Tuesday, August 08, 2006
Re-Thinking The Captain's House
That's it, the house I live in, always to me a nearly-perfect-Fairhope house, constructed in the early 20th Century by the firm of Fobes and Sheldon, for Captain Ed Roberts and his family. In the slight restoration we did when I moved in in February 2004, the workers found a board in the floor molding signed on the back "Ed Sheldon, Fairhope, Alabama."
Even with its perfection of Craftsman "airplane bungalow" design, it could use a little updating. I am going to have it painted an elegant cream color, and have the yard landscaped. I've told the story hear of an early visit from the Captain, but it bears repeating when I consider having more work done on his house.
One of my first nights in the house was stormy and rainy.

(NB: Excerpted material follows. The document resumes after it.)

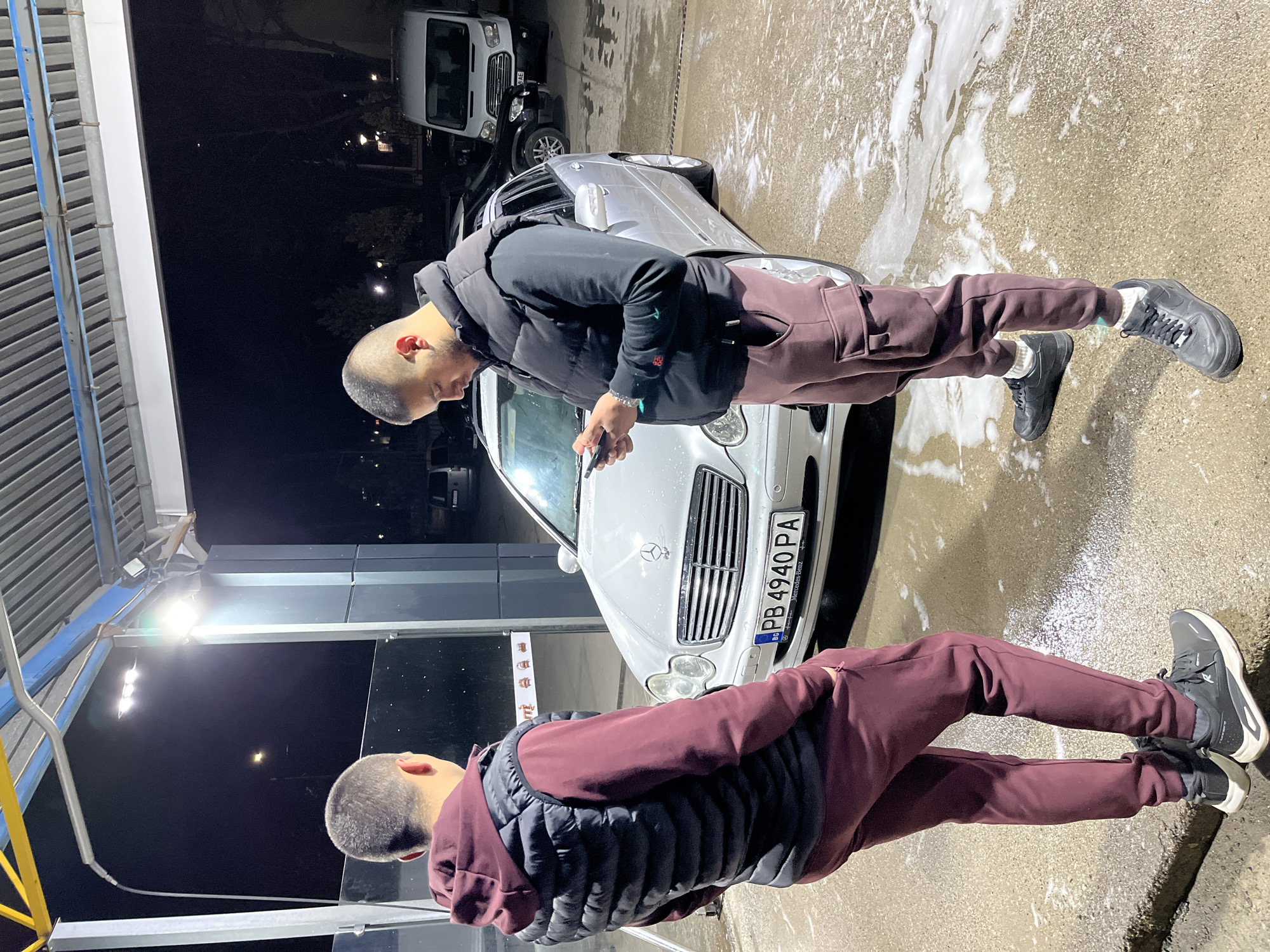 Person spotted at car wash with Mercedes in Karlovo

Upstairs I heard doors and windows banging, and the situation seemed eerie. I knew the house had been built in 1916 by Capt. Ed Roberts, one of the pilots of the bay boats that ferried people back and forth before the causeway was constructed in 1929. Never having met the man, I felt a certain bond with the captain, and from the first I was proud to be the owner of his house. However, on this rainy night, I felt that somehow the captain considered me an interloper and was trying to deal with me from the beyond.
I took a deep breath and went upstairs to see what was causing the banging. There were no doors or windows swinging. There seemed to be no source for the noise. I gathered my wits and said in a loud, clear voice, “Captain. I bought this house, and I love this house. I’m going to do my best to make it a good place to live again.”
When I came downstairs the banging had stopped. I haven’t heard such noises since.
Capt. Roberts went into the jukebox business, among other ventures, when the bay boats stopped plying local waters. Paul Gaston told me there used to be a jukebox on the sunporch when he was a teenager and was dating Phyllis Roberts, the captain’s daughter. There were many parties with dancing on that porch. The sunny porch is the lightest room in the house, and it fairly rings with happiness still.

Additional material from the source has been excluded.